Chances are, he won't.

Memories are slippery on the Diotech compound. They can vanish in the blink of an eye.

Dr. Alixter says it's for the good of the company. The good of our cause as a whole. If Dr. Alixter says it, then it must be true.

The scientist presses the tip of the injector to my vein. I hear the unmistakable
whoosh
of the compressed air releasing. Then I feel a tiny pinch, and it's over. The vial is empty. The sparkling liquid is now swimming inside me, flowing through my veins, working fast to make me even more powerful than I was before.

I flex my muscles, willing it to spread faster.

I feel a slight humming underneath my skin. Is it the gene? Or my exhilaration at knowing it's in my blood. I am eager to try it out. To close my eyes and will myself to another time and place—just as my uploads have taught me to do. But I am a soldier, not a commander. I follow the orders. I don't give them. I will stay right here until I'm told otherwise.

Dr. Alixter knows best. He always knows best.

“You'll need an upload on how the technology works,” Dr. Alixter says.

I frown. Has he forgotten already? It's not like him to forget. “I have received every upload on the subject of transession.”

Dr. Alixter gazes into nothingness for a moment, as though he's fallen asleep with his eyes open. Then he blinks and smiles. “Very good.

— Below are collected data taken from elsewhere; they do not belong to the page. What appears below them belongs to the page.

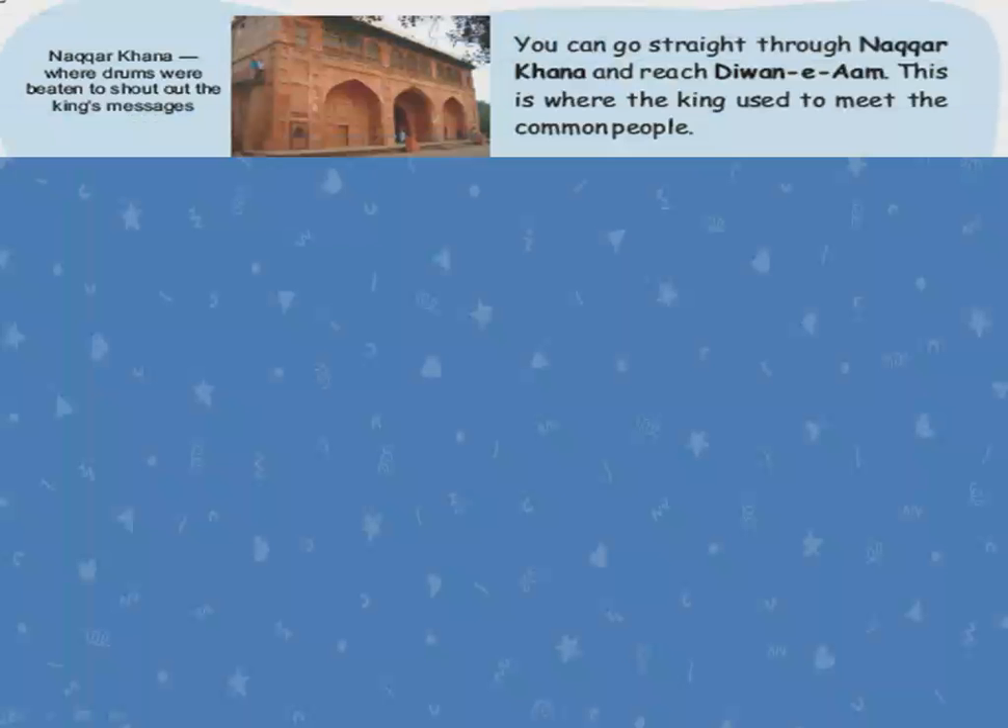Nakarkana is the building where drums were beaten to shout out the king's message. Big drums were kept there and beaten by soldiers to send the king's message to the public. When the drum beats started, everyone would know that some message was coming. Because at that time, there were no phones or other communication facilities like we have now.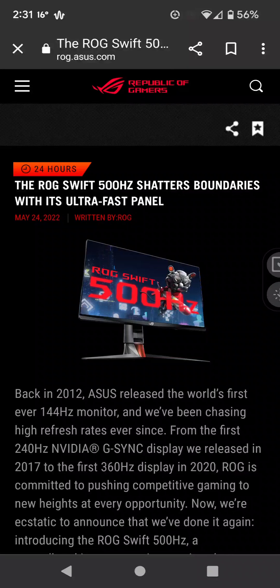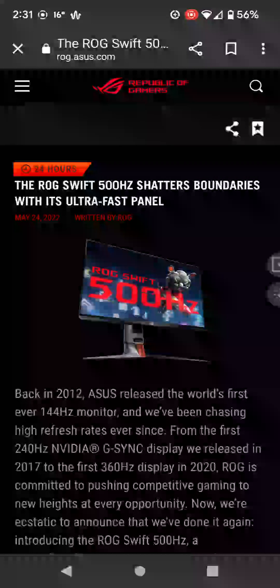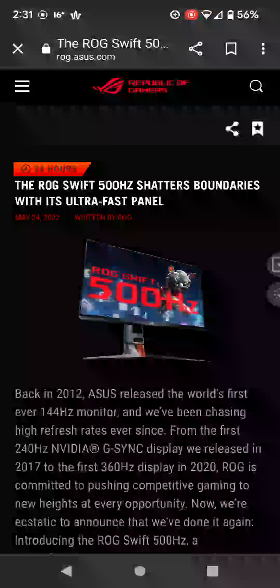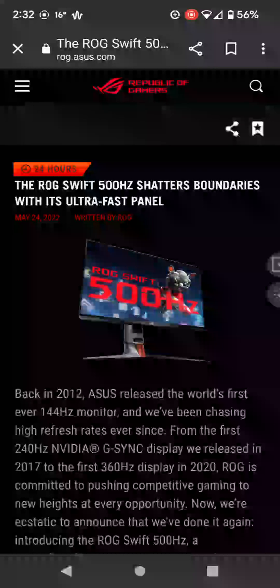Hello everyone, I'm Rodney Reynolds. How fast is fast enough? I guess it's never fast enough. ASUS has released a 500 hertz monitor — that's right, 500 hertz. Just to give you a bit of history: in 2017 they released a 240 hertz display with NVIDIA G-Sync, in 2020 360 hertz, and now 500 hertz.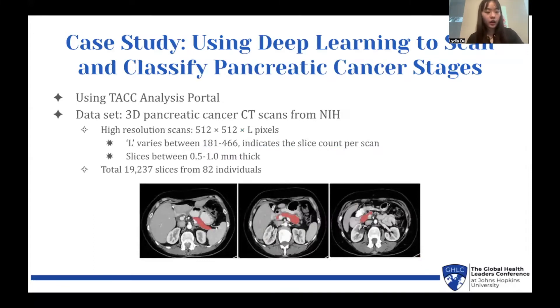In our case study, I used deep learning to scan and classify pancreatic cancer stages. I did this through using the Texas Advanced Computing Center's analysis portal. The dataset I used was from the NIH — 3D pancreatic cancer CT scans, which are all quite high-resolution. There are 19,237 slices from 82 individuals, thus making it very important that I use LSTM.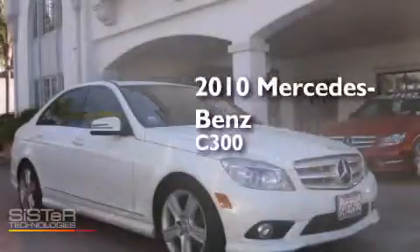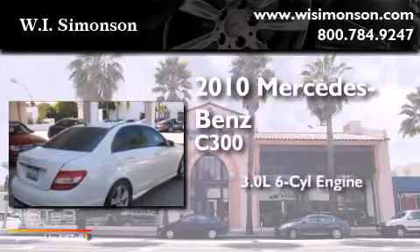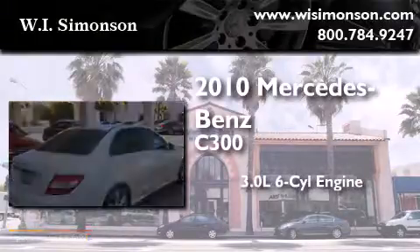This is a 2010 Mercedes-Benz C300. It features a 3.0 liter six-cylinder engine and an automatic transmission.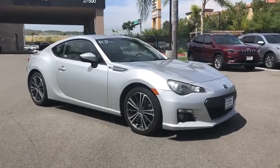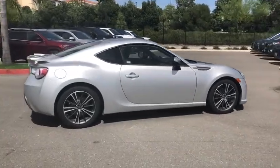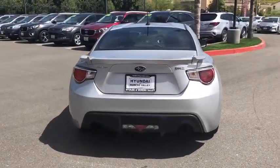Come test drive the 2013 Subaru BRZ. The Subaru BRZ comes with agile handling, precise steering action, and powerful brakes, all contributing to a thrilling driving performance with a great fuel economy.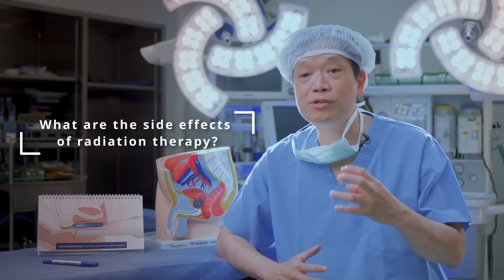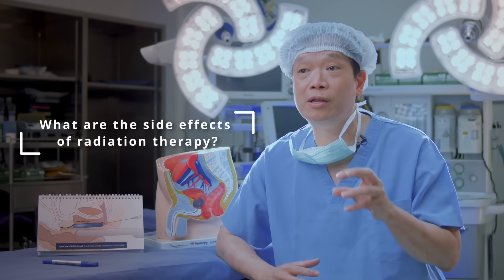Regarding the side effects of radiation: although radiation is aimed at the prostate gland, it is unavoidable that surrounding organs also receive radiation. The side effects of rectal toxicity include anal pain, blood with stool, and chronic diarrhea.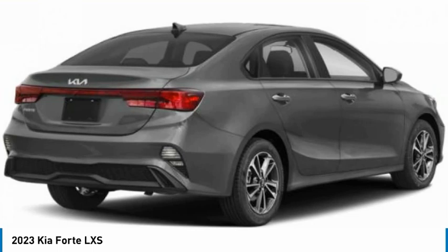Tire pressure monitor, aluminum wheels, brake assist, traction control, stability control, daytime running lights, four-wheel disc brakes, FWD, remote trunk release, front performance tires.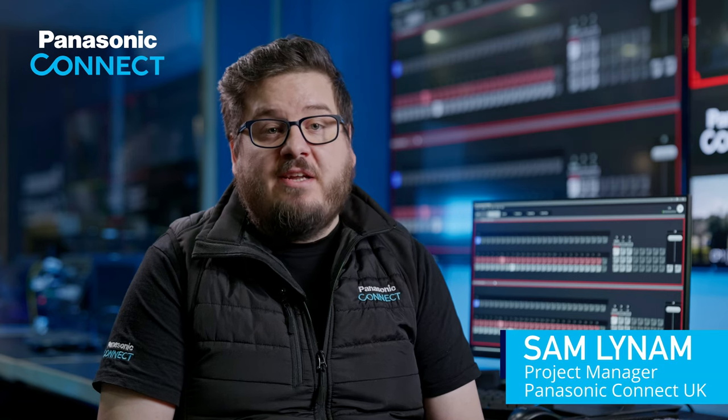Hi, I'm Sam Lynham, a project manager for Panasonic Broadcast and Pro AV. Today I'm at Creative Technology in Crawley to look at our Kairos IP IT-based platform and SRT integration.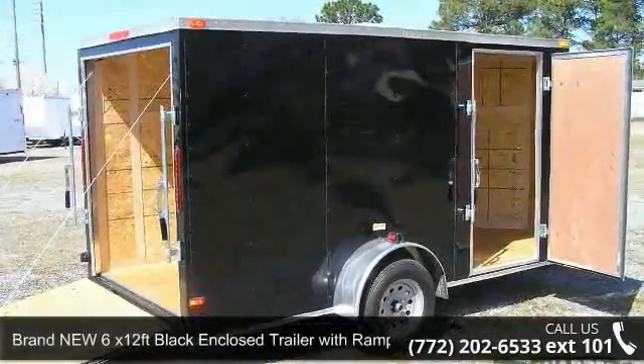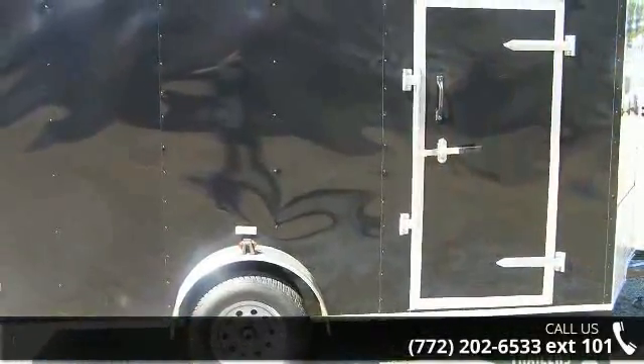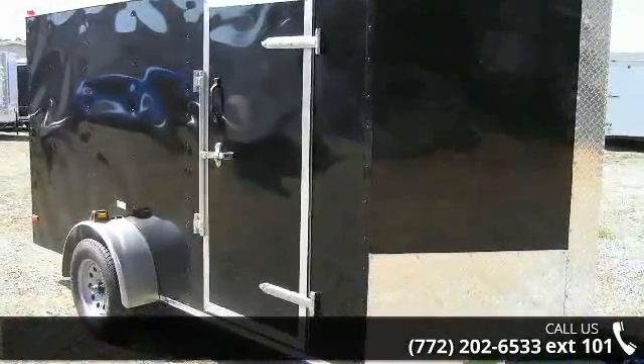Up for sale is a brand new 6X12FT black enclosed trailer. If you are looking for a reliable trailer, this may be the one. Quality construction is an important factor when considering a trailer purchase.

You'll need to practice before you leave. Small jumps. No more than three or four minutes and a few feet. Mark the ground and try to hit that spot every time. Precision is key. Error is unforgivable.”

“I don't make mistakes,” I remind him.

“Everyone makes mistakes. Even you.”

I fall silent, frustration welling up. I want so badly to make him see. To erase his doubts. I am not her. I will not fail him as she did. But I know better than to argue with Dr. Alixter.

“How are his vitals?” he asks the scientist.

The young man in the white coat taps on his DigiSlate, accessing the link to the nanosensors running through my blood—the microscopic robots that are constantly reporting information about my body. “Strong.”

“Once you leave this compound,” Dr. Alixter says, “your signal will be lost. We won't be able to track you.”

I drag my fingertip over the thin black line that runs across the crease of my left wrist. When I emerged from the womb and opened my eyes, it was the first thing I saw. An upload later informed me that it was there as a precaution. In case I turned out to be defective, too.

“I won't run away,” I tell Dr. Alixter, almost offended.

He laughs, but it seems to catch in his throat, causing him to gag.

“Can I get you some water?” the scientist asks. “Or a cold repressor?”

He brusquely waves the scientist away. “I'm fine,” he snaps. “That will be all. Report to Director Raze.”

Director Raze
.

Scientists don't report to Director Raze. Unless they've seen something they weren't authorized to see.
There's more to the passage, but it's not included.